By November 29, 2017No Comments

The route to leadership in education for many can be a bit like working your way through a maze. I’m sure that like me, you’ve had many people in your establishments who, from your perspective, beggar belief in how they ever managed to land that job. I’ve definitely found it useful to me in my journey to think that I could do the job of leadership and management better than some of the line managers I have had. It definitely signalled to me that I was ready for that move up.

Early in my career, I did not have any leadership aspirations. Like many teachers, I got into teaching to make a difference and for me at the start of my career being able to work with the children in my classes, making a difference right there was just perfect for me. It wasn’t until I started maturing into my role I realised that as a middle or senior leader I could actually make a bigger difference to young people’s lives, and so my journey into leadership began.

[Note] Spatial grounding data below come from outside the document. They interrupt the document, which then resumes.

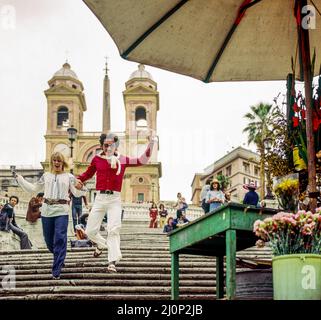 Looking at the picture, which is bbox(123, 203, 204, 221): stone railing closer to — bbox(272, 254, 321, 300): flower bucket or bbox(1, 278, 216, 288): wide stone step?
bbox(1, 278, 216, 288): wide stone step

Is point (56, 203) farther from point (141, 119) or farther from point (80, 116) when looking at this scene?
point (80, 116)

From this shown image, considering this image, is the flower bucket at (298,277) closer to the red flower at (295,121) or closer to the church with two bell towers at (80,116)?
the red flower at (295,121)

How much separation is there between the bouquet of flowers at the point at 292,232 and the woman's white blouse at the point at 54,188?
14.0 ft

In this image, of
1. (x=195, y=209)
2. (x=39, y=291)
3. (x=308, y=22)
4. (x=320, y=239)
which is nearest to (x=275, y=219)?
(x=320, y=239)

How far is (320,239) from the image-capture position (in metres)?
5.07

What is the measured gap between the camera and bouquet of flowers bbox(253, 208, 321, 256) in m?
5.08

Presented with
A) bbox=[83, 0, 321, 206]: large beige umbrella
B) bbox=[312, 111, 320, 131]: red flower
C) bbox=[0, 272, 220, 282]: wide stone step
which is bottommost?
bbox=[0, 272, 220, 282]: wide stone step

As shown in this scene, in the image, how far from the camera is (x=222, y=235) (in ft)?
18.5

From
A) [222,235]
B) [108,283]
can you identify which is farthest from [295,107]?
[108,283]

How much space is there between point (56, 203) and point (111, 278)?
45.4 inches

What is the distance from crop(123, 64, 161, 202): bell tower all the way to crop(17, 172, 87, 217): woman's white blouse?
59.9 metres

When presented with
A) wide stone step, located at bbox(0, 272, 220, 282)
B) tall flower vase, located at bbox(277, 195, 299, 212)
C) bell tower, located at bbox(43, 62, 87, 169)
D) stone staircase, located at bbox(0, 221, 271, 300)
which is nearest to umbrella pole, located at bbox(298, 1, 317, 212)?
tall flower vase, located at bbox(277, 195, 299, 212)

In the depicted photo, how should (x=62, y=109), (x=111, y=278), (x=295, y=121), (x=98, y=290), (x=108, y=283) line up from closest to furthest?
(x=295, y=121) → (x=98, y=290) → (x=108, y=283) → (x=111, y=278) → (x=62, y=109) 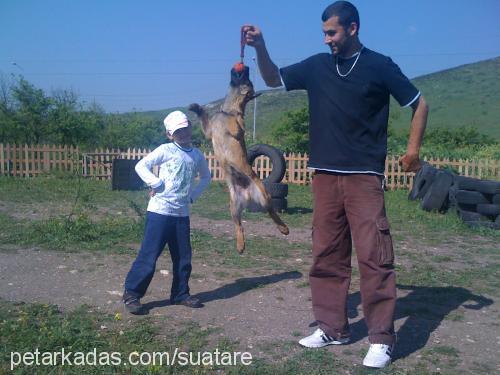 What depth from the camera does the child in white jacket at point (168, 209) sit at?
5.06 m

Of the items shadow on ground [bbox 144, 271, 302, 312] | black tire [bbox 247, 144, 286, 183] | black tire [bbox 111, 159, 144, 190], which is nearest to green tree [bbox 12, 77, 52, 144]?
black tire [bbox 111, 159, 144, 190]

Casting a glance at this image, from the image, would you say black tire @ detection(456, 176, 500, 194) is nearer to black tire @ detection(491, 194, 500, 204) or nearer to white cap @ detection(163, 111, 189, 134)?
black tire @ detection(491, 194, 500, 204)

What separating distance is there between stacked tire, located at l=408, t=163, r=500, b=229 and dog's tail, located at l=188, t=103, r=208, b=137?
5877mm

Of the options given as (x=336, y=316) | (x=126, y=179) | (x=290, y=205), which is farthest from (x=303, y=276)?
(x=126, y=179)

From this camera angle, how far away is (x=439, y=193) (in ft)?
40.2

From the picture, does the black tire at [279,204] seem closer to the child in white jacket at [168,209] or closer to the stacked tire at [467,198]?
the stacked tire at [467,198]

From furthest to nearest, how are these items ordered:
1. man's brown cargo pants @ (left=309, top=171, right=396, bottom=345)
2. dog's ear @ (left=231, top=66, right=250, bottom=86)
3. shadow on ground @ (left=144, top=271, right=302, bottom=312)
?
shadow on ground @ (left=144, top=271, right=302, bottom=312) → dog's ear @ (left=231, top=66, right=250, bottom=86) → man's brown cargo pants @ (left=309, top=171, right=396, bottom=345)

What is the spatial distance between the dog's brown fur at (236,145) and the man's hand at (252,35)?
0.36 metres

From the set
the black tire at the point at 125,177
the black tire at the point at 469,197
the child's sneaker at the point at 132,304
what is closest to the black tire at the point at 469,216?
the black tire at the point at 469,197

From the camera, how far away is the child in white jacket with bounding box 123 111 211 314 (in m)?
5.06

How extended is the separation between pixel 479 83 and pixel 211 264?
6073 cm

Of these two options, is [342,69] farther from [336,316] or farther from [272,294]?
[272,294]

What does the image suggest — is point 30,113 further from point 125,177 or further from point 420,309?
point 420,309

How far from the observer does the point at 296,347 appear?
4328 mm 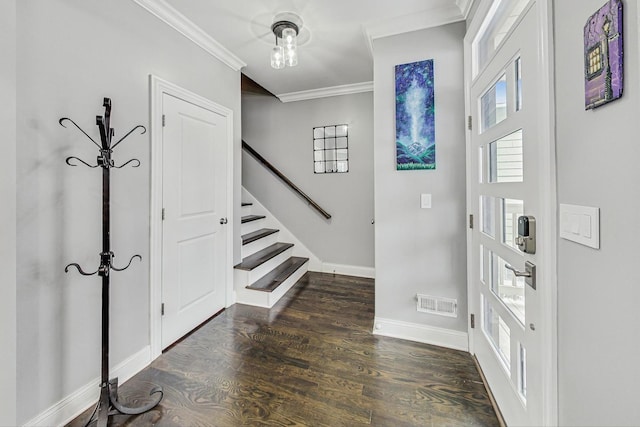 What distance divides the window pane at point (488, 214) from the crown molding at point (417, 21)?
55.5 inches

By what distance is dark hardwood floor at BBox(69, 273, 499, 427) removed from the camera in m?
1.45

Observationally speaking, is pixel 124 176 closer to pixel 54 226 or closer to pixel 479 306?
pixel 54 226

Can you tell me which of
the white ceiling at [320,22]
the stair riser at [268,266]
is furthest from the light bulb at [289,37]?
the stair riser at [268,266]

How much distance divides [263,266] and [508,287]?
8.13 ft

For much of my 20+ years working in schools as a teacher, middle and then senior leadership, I strived to reach the hallowed grail of being on an SLT. I spoke about this at some length in my keynote at Lead Learn Lancs in July of 2016. I’ve included the slides below for reference.

What took me a long time to realise was that in order to gain the experience that would make me worthy of becoming a leader within a school I would have to ‘lead without a title’. Every man and his dog has something to say about leadership it seems as this simple Google Search shows:

It was my colleague and member of the leadership team, Teresa Tickoo who first talked to me about this idea of leading without a title. Coined first by Robin Sharma in his book, “The Leader Who Had No Title: A Modern Fable on Real Success in Business and in Life” he says:

It has become clear to me that if we are to make a difference in education, we all need to be leaders of education. Ironically, the term pedagogy and pedagogue come from the Greek paidos “boy, child” plus agogos “leader.” As educators who are ongoing students of the science of education, we are all leaders in our roles.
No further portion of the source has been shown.